╭─ Data to use

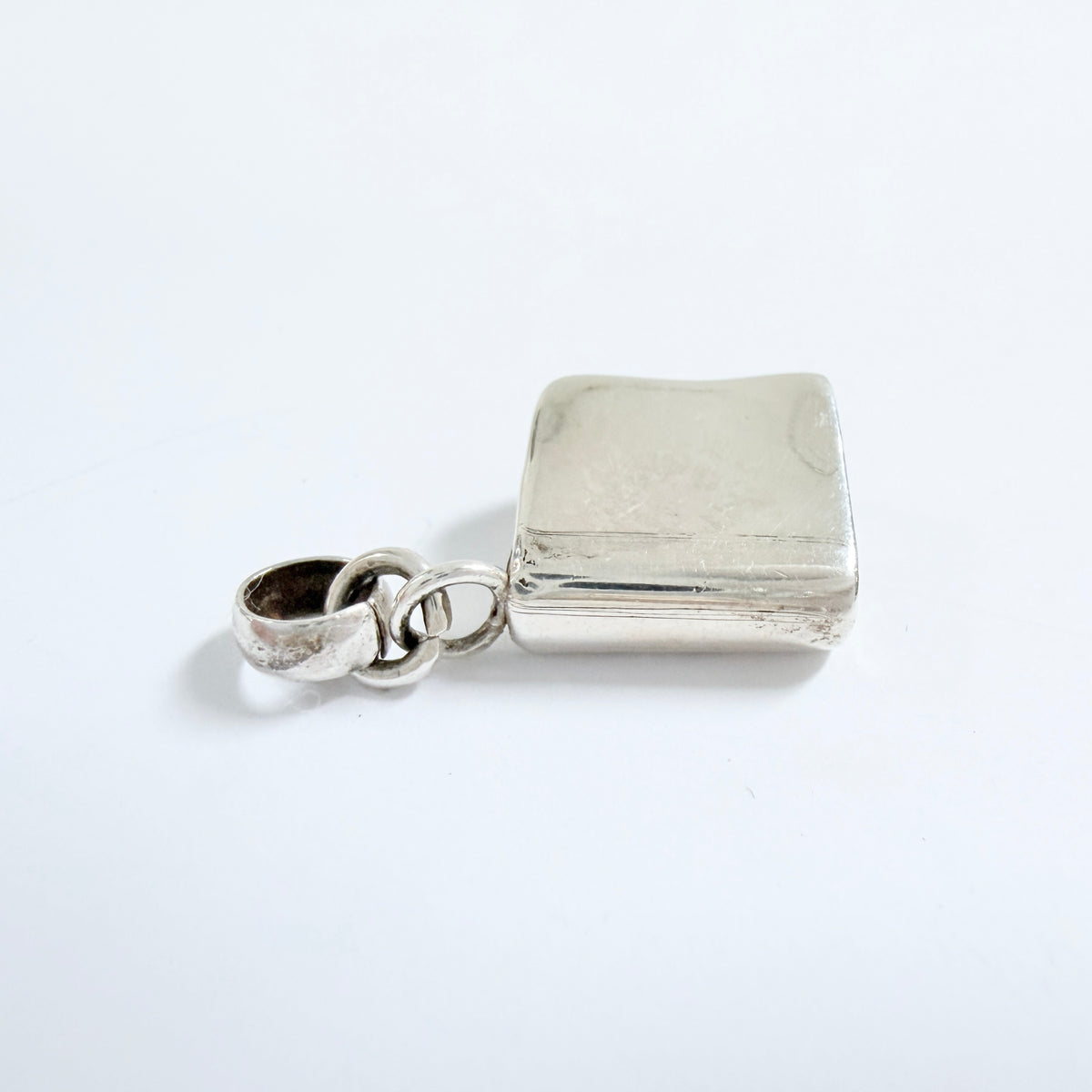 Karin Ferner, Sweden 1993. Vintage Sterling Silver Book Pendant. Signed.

╰─
╭─ Data to use

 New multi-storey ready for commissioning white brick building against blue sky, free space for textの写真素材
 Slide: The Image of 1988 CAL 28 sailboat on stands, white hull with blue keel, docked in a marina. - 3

╰─

Note how many lines of the records contain the string "white", and give that number with nothing added.

_Solution to the problem:_ 2